Later this month, Nick Belitz of our team will be sharing the most up-to-date AE and environmental industry M&A valuation multiples at our Texas and Southern States M&A, Strategy, and Innovation Symposium in the Grand Ballroom of the very fancy (you can charge a Rolls Royce to your roomif you have such an ample expense account) Post Oak Hotel at Uptown, Houston. (Registration is closed, but there’s a waitlist should you have a last-minute hankerin’ to network with some 200 AE industry executives and investors from the U.S, Canada, Europe, and Australia.)

As Nick and his team were finalizing the 2022 multiples and circulating them internally for discussion, one thing really jumped out at me. Over the past 15 years, under-performing firms have seen practically zero increase in their M&A exit multiples (at the time of sale), whereas the multiples paid for high performers have increased 70% in the same period. Essentially, they’ve been stuck.
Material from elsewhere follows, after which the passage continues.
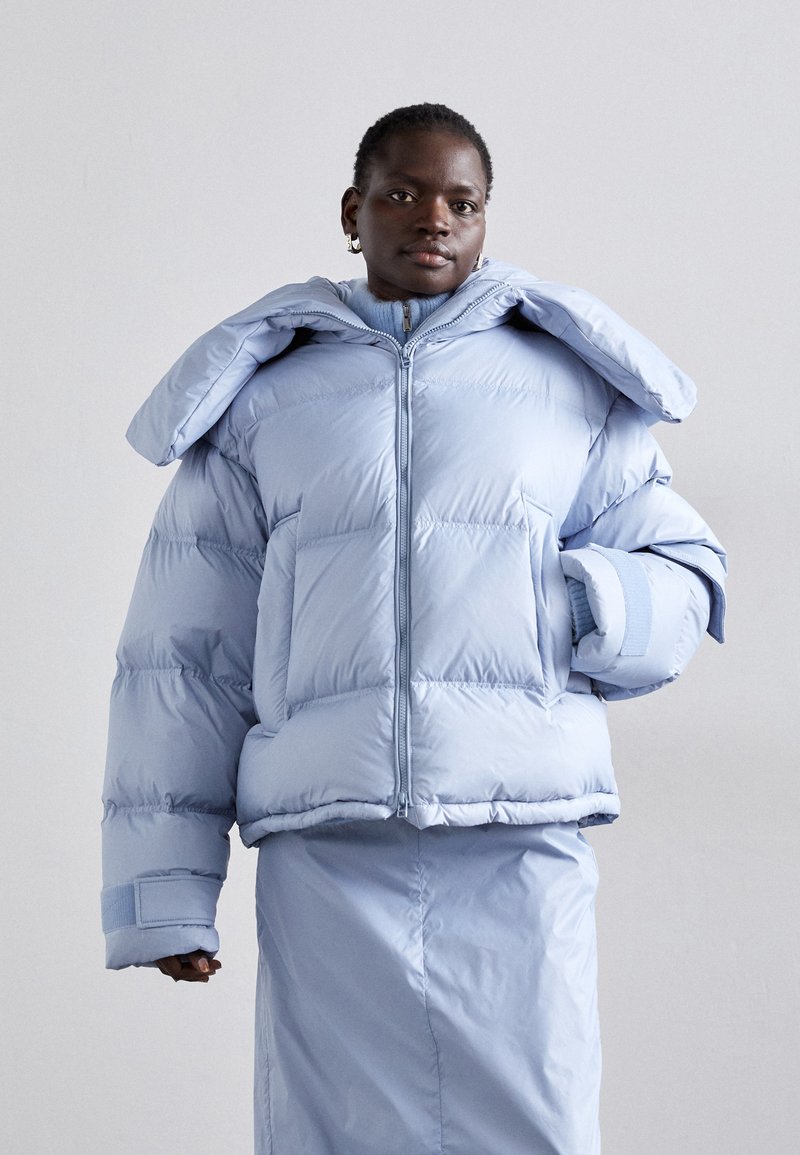 Lichtblauwe pufferjack met een oversized capuchon, lange mouwen en brede manchetten; heeft een gequiltde textuur en een frontale rits. Gecombineerd met een bijpassende rok.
A tale in three parts: When we look at historical M&A valuations, we find it informative to break them out in three time tranches—2008 through 2017, 2018 to 2021, and year-to-date 2022. The year-to-date 2022 dataset is like the “Breaking News” of M&A multiples. It informs where the market is now and provides perspective on which way it’s heading—up, down, or flat. The pre-2018 data represents the “before times”—as in before the step-function increase that occurred in industry consolidation beginning in 2018. This was the year that deal activity jumped from 200-plus deals per year to 300-plus and hasn’t looked back (we’re looking at close to 500 transactions this year). The 2018 to 2021 deal-set reflects what happened to M&A valuations in the 48 months immediately following the bump in 2018 (the beginning of the new (ab)normal phase). All three tranches capture the almost 15 years of domestic economic expansion since 2009—post the Great Recession.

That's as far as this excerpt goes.